The sociopathic stalker I have had has done this and is still using the authorities to exact revenge on me. The authorities, always happy to help men and abusers, were eager to see him as innocent and me as the criminal who reported him to the police for stalking “for no valid reason.”
If you have ever been stalked over a prolonged period as a woman, you may know how hard it is to collect evidence and report the stalking. Organizations that help women have told me it is futile to stop a stalker in almost any case.
In my experience, I repeatedly tried to make this stalker stop, which led to him becoming completely out of control and escalating his stalking, as well as his sadistic engulfment and attempts to keep me his prisoner.

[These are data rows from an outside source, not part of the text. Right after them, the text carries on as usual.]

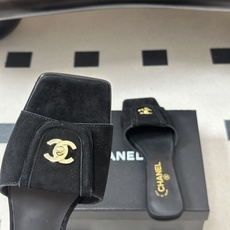26Fw春夏新款Chanel小香经典双C扣翻盖书包扣一字拖鞋方头平底凉拖鞋鞋身的金色双C旋扣是整双鞋的灵 26Fw春夏新款Chanel小香经典双C扣翻盖书包扣一字拖鞋方头平底凉拖鞋鞋身的金色双C旋扣是整双鞋的灵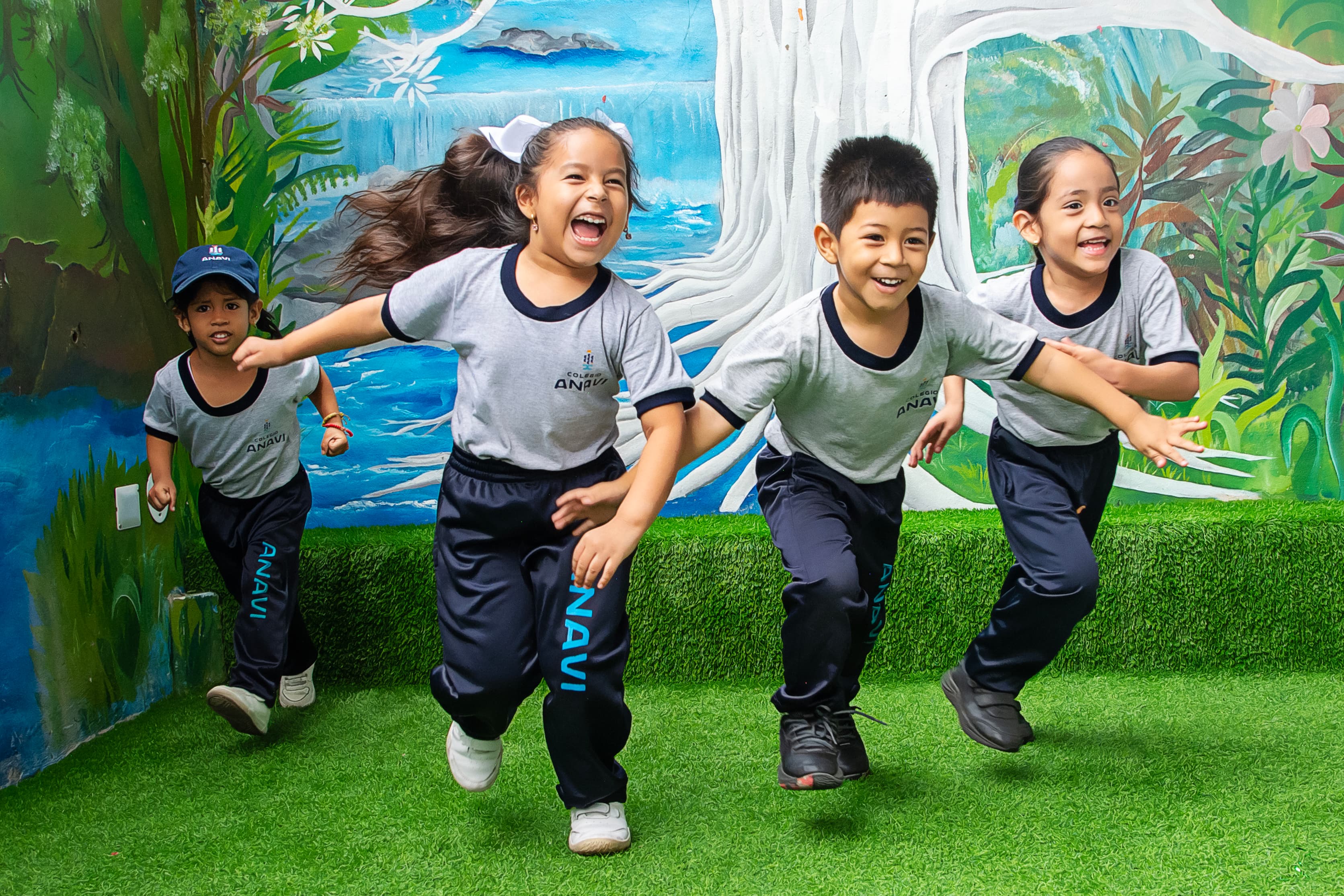 Estudiantes de Preescolar y 1ero de Básica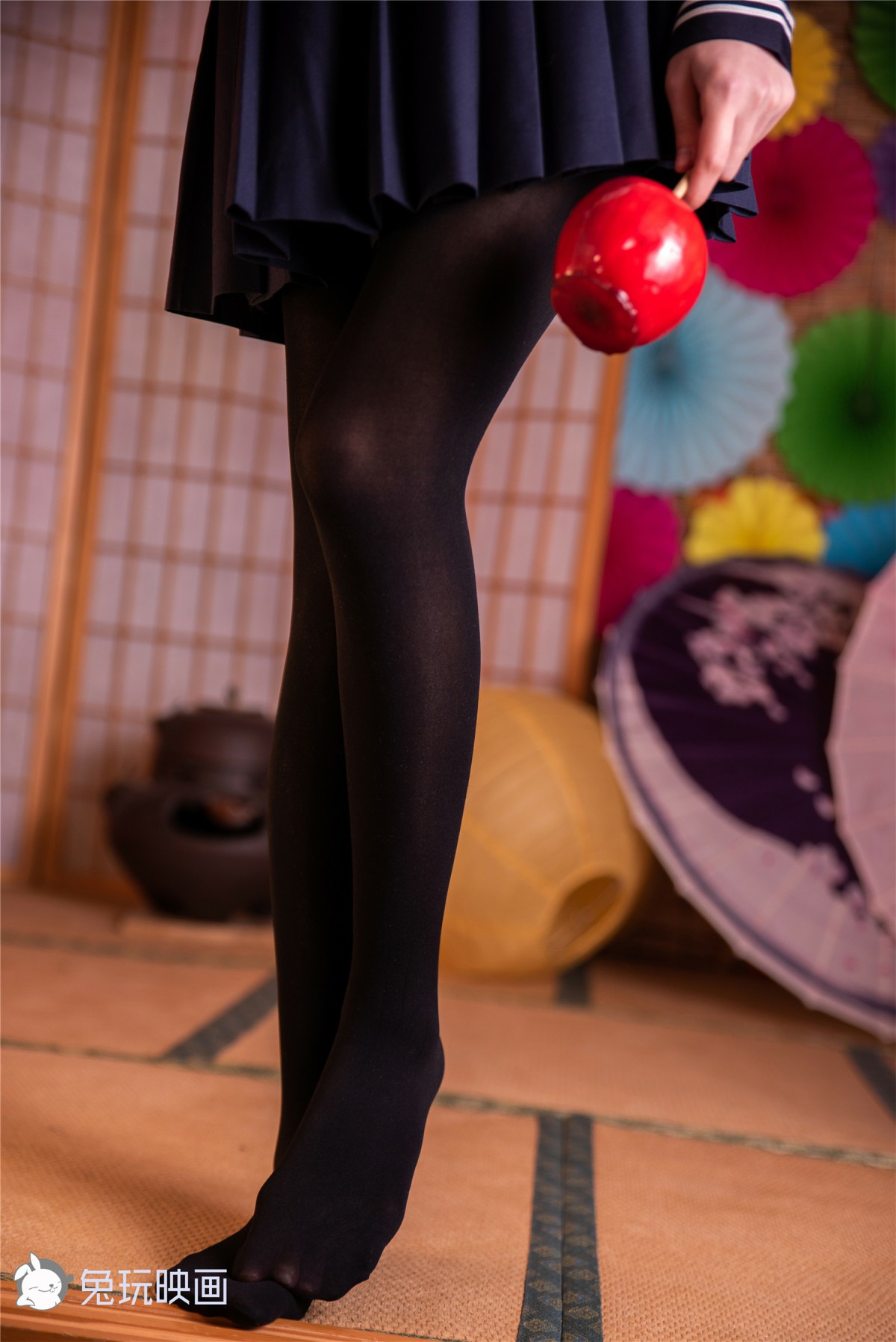 图片[9]-兔玩映画系列 Vol.053 冬天里的黑丝JK裙_ – COSPLAY-小乔阁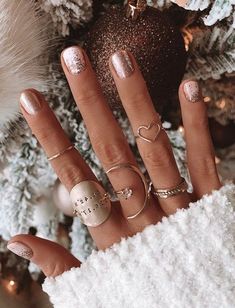 Fall Nail Design, Autumn Is Coming, French Pedicure, Ready For Autumn, Light Elegance, Short Gel Nails, Nails 2021, Nails Fall, Fall Nail Colors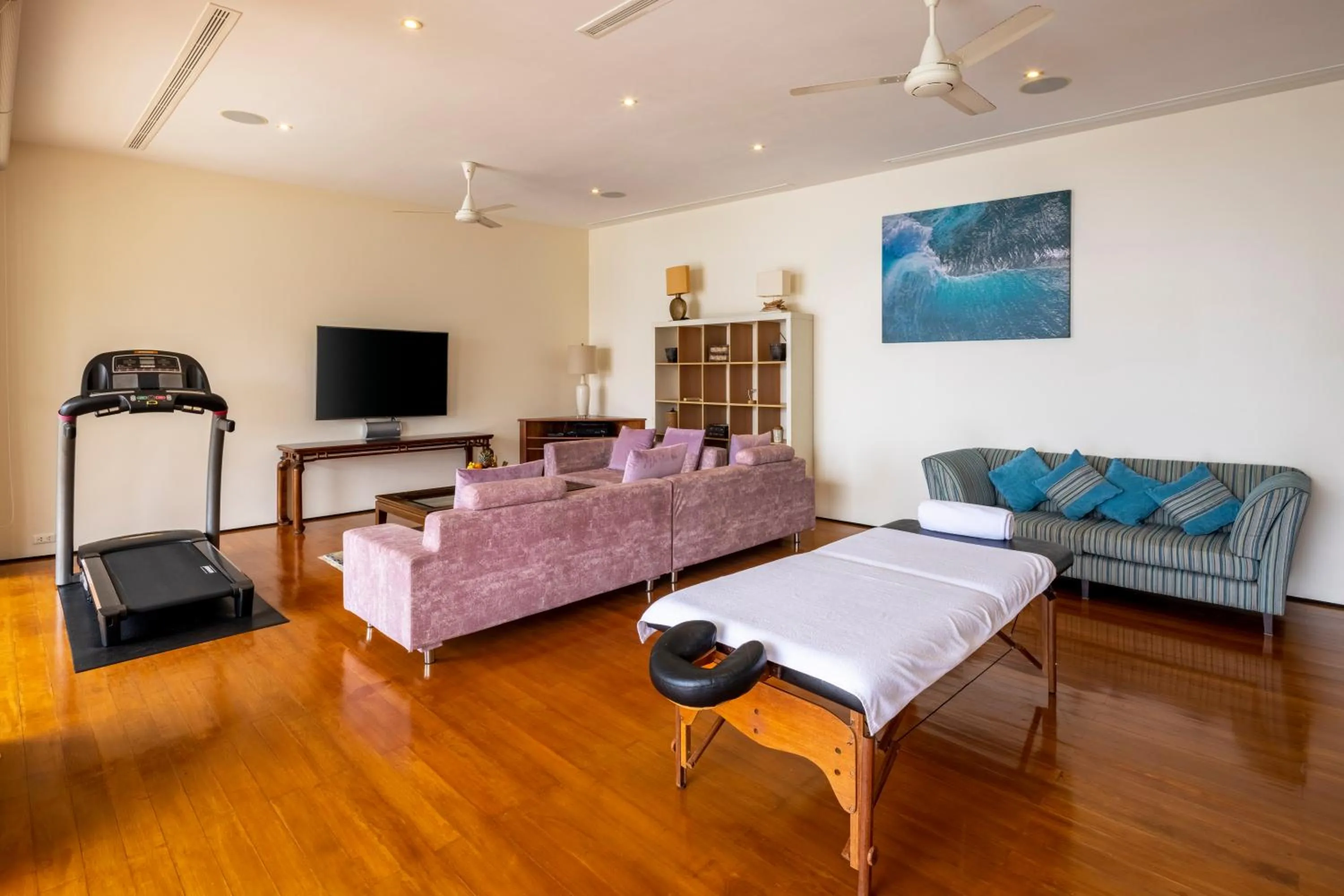 Communal lounge/ TV room, Bed in Villa Fah Sai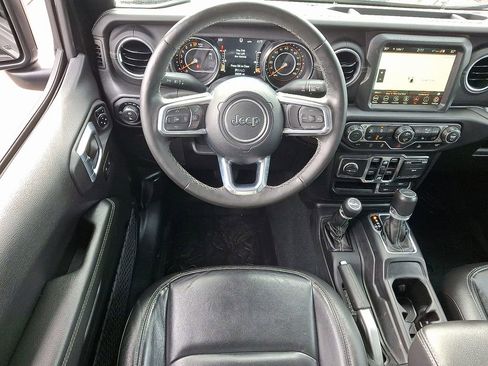 Used 2022 Jeep Gladiator Overland w/ Popular Equipment Package image 12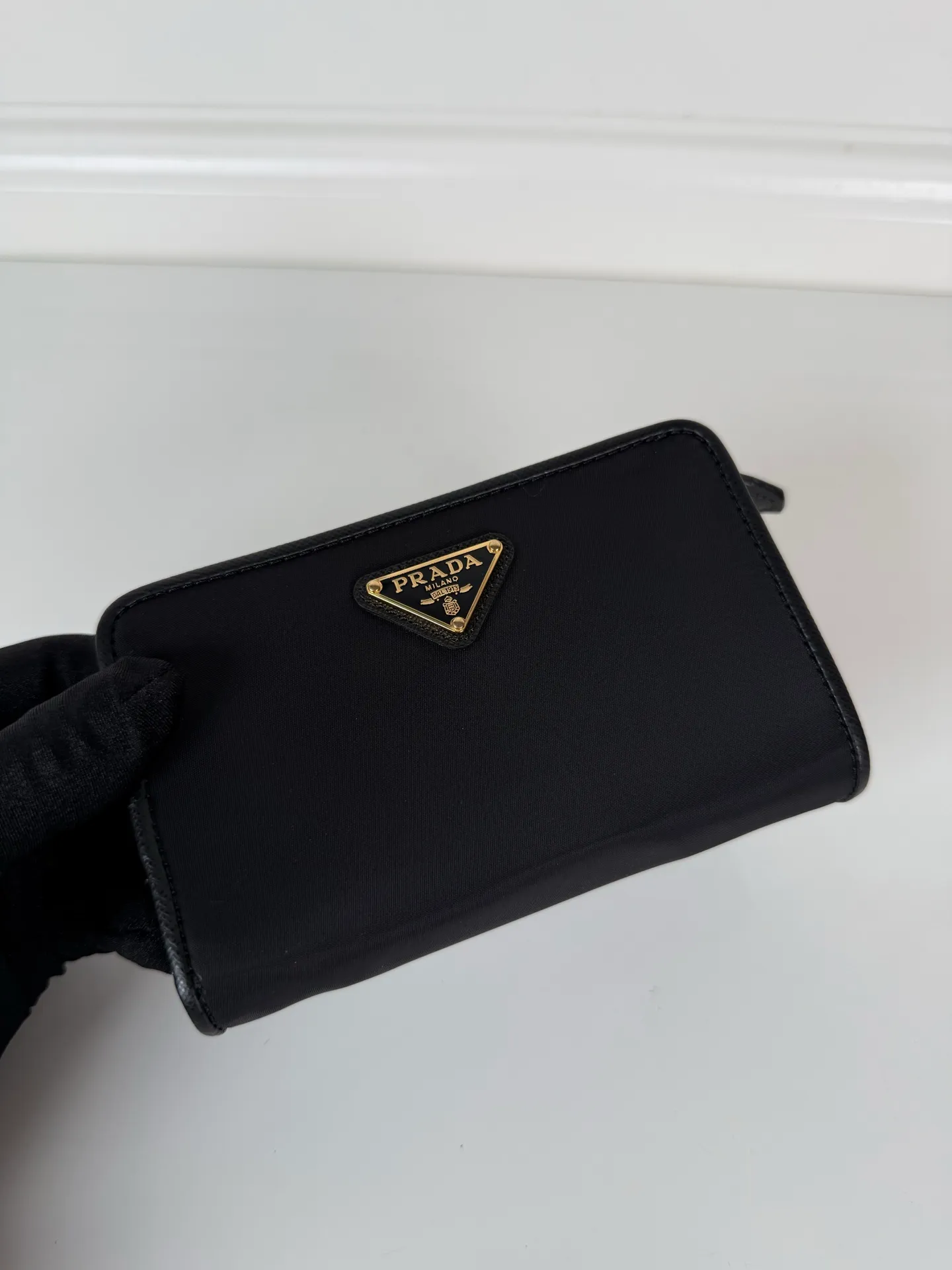 💰520, P Home➡️Women's short clip made of cross pattern + nylon fabric, single quality, model 1M1225, ten card slots, two ID pockets, a zippered zero 💰 bag interlayer, size 14x9.5cm.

I have also encountered the phenomenon of organizational scapegoating repeatedly in Austria. The dynamics I have experienced are described in Maurizio Catino’s book:
“One of the largest cruise ships ever built sinks near the coast after hitting some underwater rocks. Several people die in the accident. Who is to blame? When coping with negative events, organizations can choose between two strategies: they can either take responsibility and implement (expensive) remedial actions or blame those who were directly involved in the fact—the scapegoats. Organizations and institutions must learn from failures if they want to avoid repeating them. However, one of the main limits to organizational and institutional learning is addressing systemic problems of an organizational nature with solutions targeting the individual. This approach favors inertia and the creation of ‘organizational scapegoats.’ Pursuing scapegoats without changing the system only ensures that the actors will continue to behave as they did before, and no virtuous learning from the events that have occurred will take place in the organization. The purpose of this book is to systematically understand how and why organizations create scapegoats.”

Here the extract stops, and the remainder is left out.